Okra with tomatoes and vinegar
This is one of the best ways to eat okra. The okra binds the oil and tomato together into a luscious, slippery stew. You can use fresh, or frozen okra. You can cut the okra into rings, or just slice them into halves down the middle. Typical of Portuguese influenced cooking, this Angolan recipe has a little vinegar in it. It’s wonderful as-is, for a veggie main, or side dish. You can also add a whole, cut up chicken and turn it into a hearty meal (like a bare-bones muambha de gallina).
Angolan okra and tomato is typically made with red palm oil, the kind with a lot of pulp (not the clear variety). Red palm oil has quite a strong flavour, so you can substitute olive oil if you either can’t find palm oil or don’t like it. Don’t skimp on the oil, in some misguided notion of “healthy” though. The oil is part of the substance of the dish.
When choosing fresh okra, choose young, tender, firm pods. They should be bright green, without too many black spots. When it gets old, it can be woody.

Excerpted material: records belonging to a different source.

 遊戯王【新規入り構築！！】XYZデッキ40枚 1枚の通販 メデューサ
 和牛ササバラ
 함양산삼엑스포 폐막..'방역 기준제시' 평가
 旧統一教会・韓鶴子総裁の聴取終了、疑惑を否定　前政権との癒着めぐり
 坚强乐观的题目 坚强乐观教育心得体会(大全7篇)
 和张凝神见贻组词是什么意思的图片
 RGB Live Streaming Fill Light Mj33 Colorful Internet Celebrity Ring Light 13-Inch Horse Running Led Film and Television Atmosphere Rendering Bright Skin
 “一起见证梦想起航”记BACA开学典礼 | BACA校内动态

– 1lb (400g) okra, fresh or frozen
– 2 tbsp (30ml) olive oil, or other vegetable oil
– 1/3 cup (75ml) red palm oil, or olive oil
– 1 large can (14oz, 400g) of petit diced tomatoes
– 1 onion
– 3 cloves of garlic
– 1 tsp (5ml) chili flakes, or a pinch of cayenne
– 3 tbsp (45ml) cider or white wine vinegar
– 1.5 tsp (7ml) salt, or to taste
– 1 chicken cut into pieces
– 1/2 cup (100ml) white wine
– additional palm oil, vinegar, and salt.
Coarsely chop the garlic, and thinly slice the onion. If the okra is whole, slice it into little wheels, or just slice it lengthwise into halves.

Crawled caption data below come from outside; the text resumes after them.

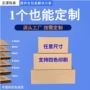 特硬特厚搬家尺寸纸箱子
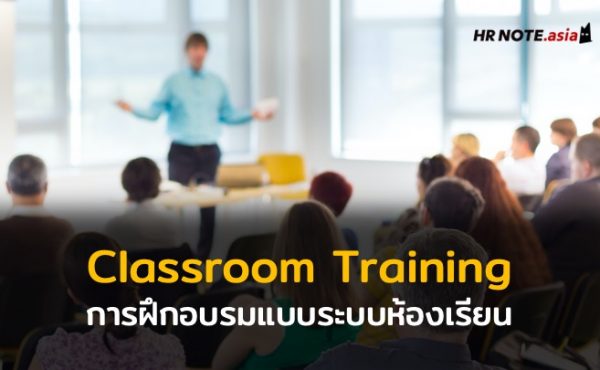 การฝึกอบรมแบบระบบห้องเรียน (Classroom Training) 57 การฝึกอบรมแบบระบบห้องเรียน (Classroom Training)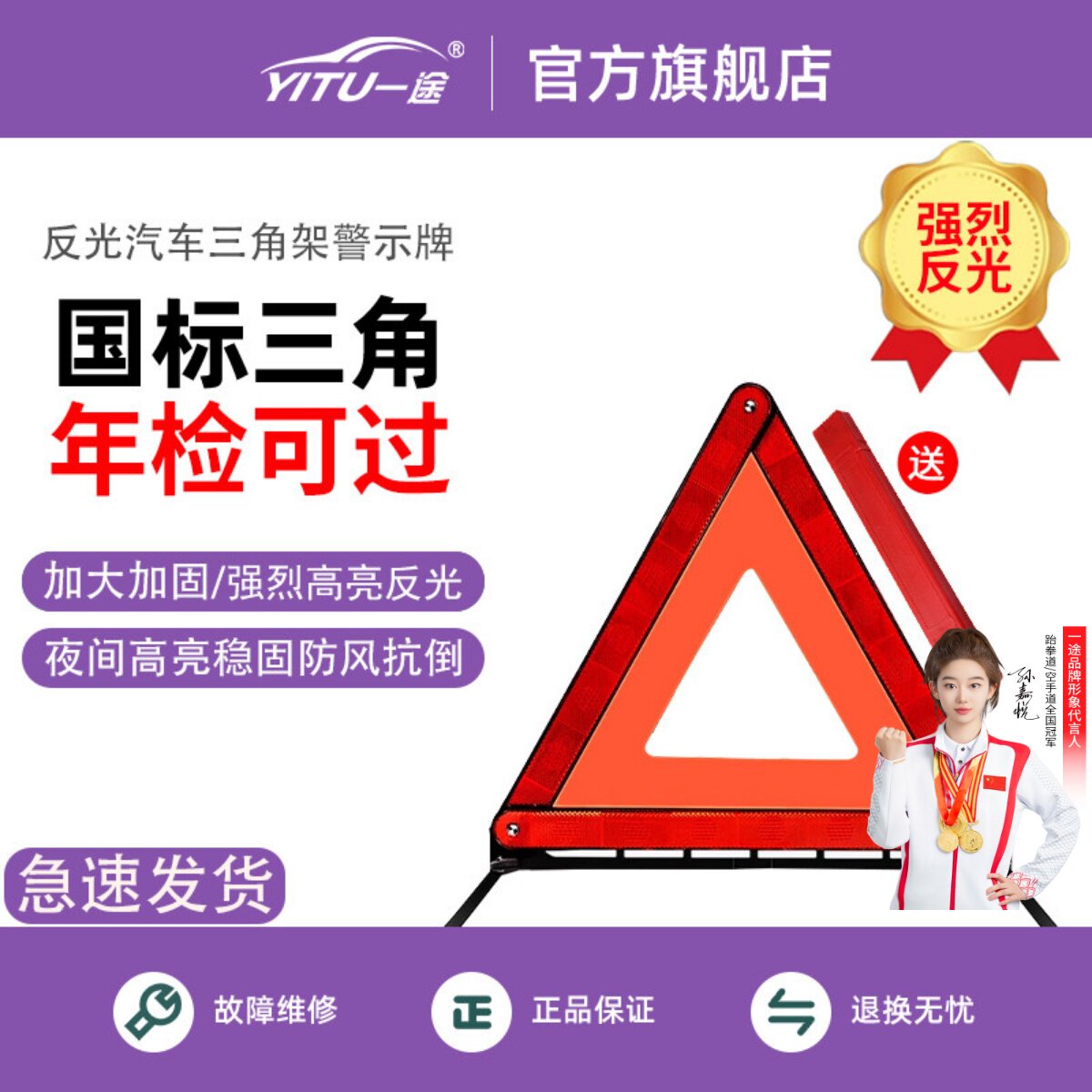 汽车三角架警示牌三脚架支架反光停车故障车用车载车辆安全支撑架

Heat the oil over medium. Add the onion, and cook until it is translucent, and beginning to turn golden. Add the garlic, and cook until it is soft and fragrant. Don’t let it burn. Add the okra, and cook it with the onion, stirring occasionally until it begins to brown a bit on the edges. Add the chili, if using.

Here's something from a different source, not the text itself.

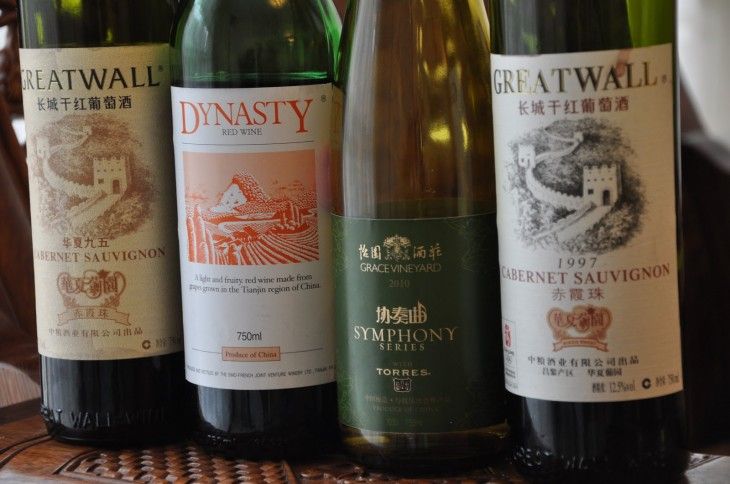 dynasty-and-great-wall-wines-from-china-730x484.jpg.b0c716663a0d90e8a77331efb037cfd1.jpg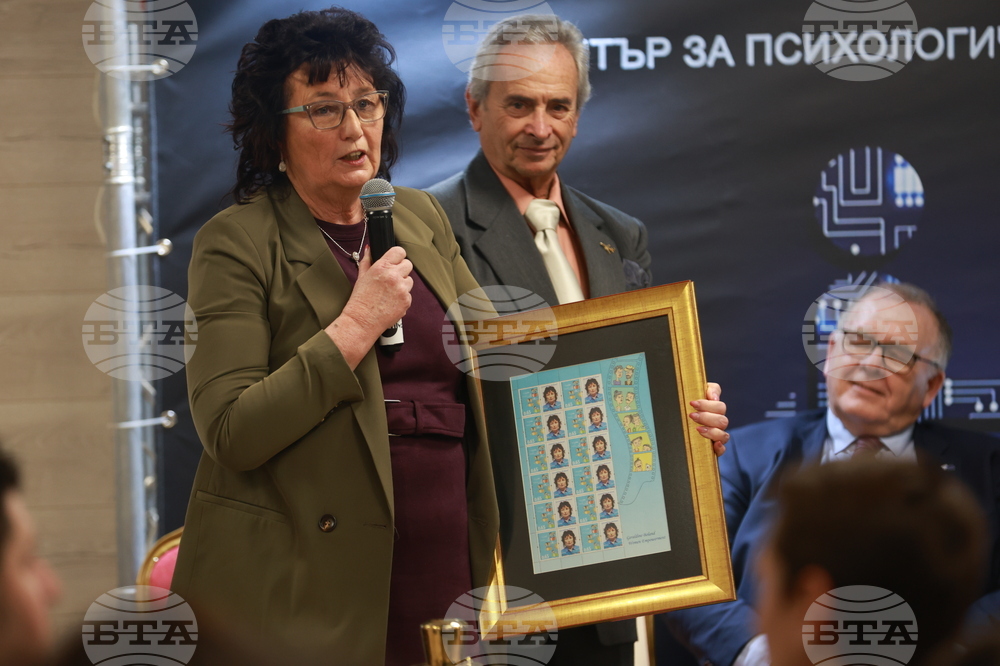 Форум - „Хората с увреждания и развитието на новите технологии – възможности, рискове и перспективи“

Add the tomatoes (if you like, pulse them very briefly in the blender first, to make a tender-chunky texture). Let the mixture heat up until it starts to boil. Add the palm oil. Season with salt and vinegar. When it heats through, taste and adjust seasoning. Let it cook over low heat, until the okra is soft, and almost falling apart (anywhere from 30-50 minutes)
If you do this with chicken, marinate the chicken in the white wine and enough vinegar to cover for an hour before hand. Brown the chicken in a pan. Add the chicken to the mixture at the same time as the tomatoes.
This should be served with a starch–anything from rice to potatoes, to plantain or polenta works. Tapioca fufu is traditional, but exceedingly unpleasant.